**Information provided:**
»»

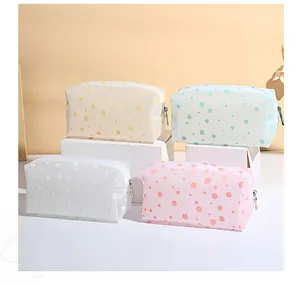 Vue détaillée des trousses cosmétiques semi-transparentes à pois de couleurs variées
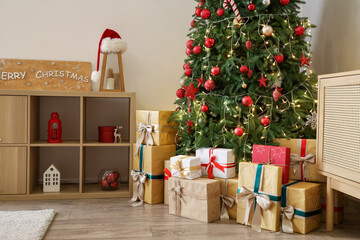 Interior of living room with glowing Christmas tree, presents and shelf unit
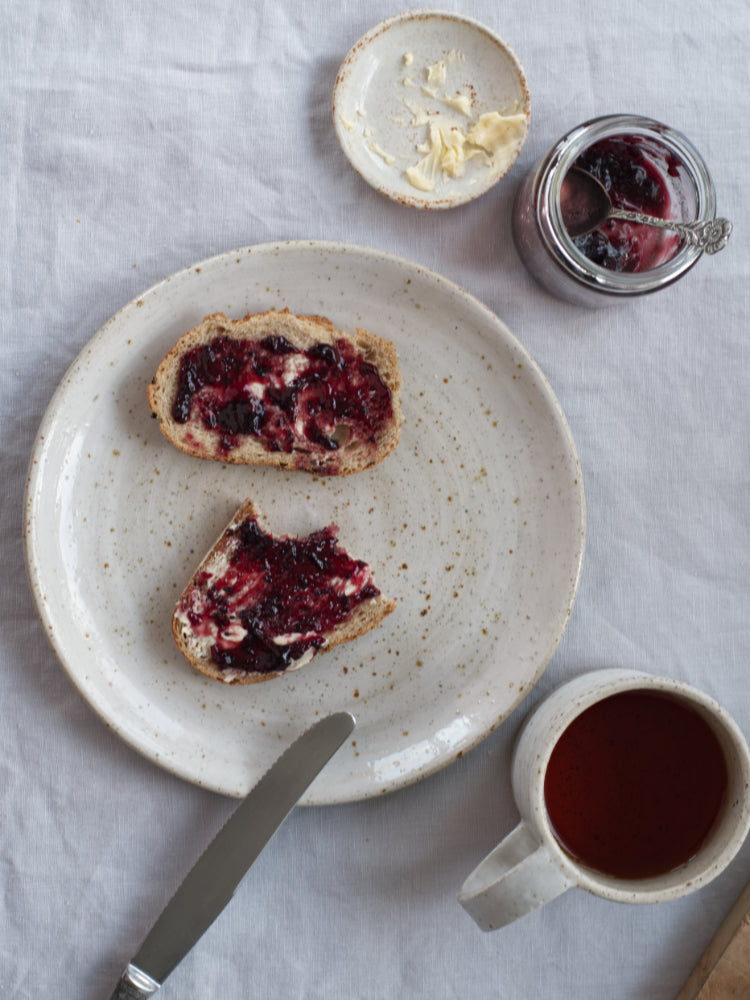Bord van handgemaakt gespikkeld steengoed met glanzend glazuur, gevuld met boterhammen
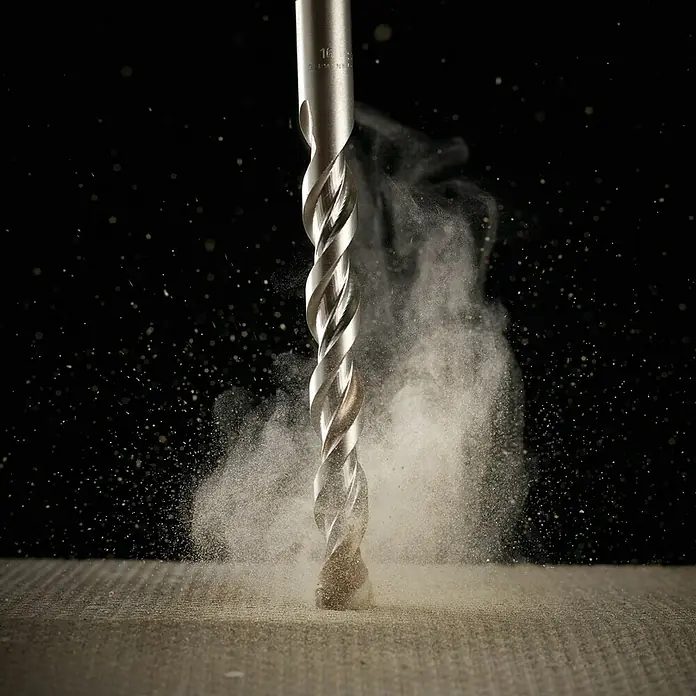 DeWalt Broca para hormigón y mampostería DT6671-XJ - 1 ud., Diámetro de la broca: 4 mm - Primer plano de una broca helicoidal perforando un material, con polvo y pequeñas partículas arremolinándose en el aire.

««

**To do:**
Repeat every line above exactly, but omit all images.

**Written solution:**
 Vue détaillée des trousses cosmétiques semi-transparentes à pois de couleurs variées
 Interior of living room with glowing Christmas tree, presents and shelf unit
Bord van handgemaakt gespikkeld steengoed met glanzend glazuur, gevuld met boterhammen
 DeWalt Broca para hormigón y mampostería DT6671-XJ - 1 ud., Diámetro de la broca: 4 mm - Primer plano de una broca helicoidal perforando un material, con polvo y pequeñas partículas arremolinándose en el aire.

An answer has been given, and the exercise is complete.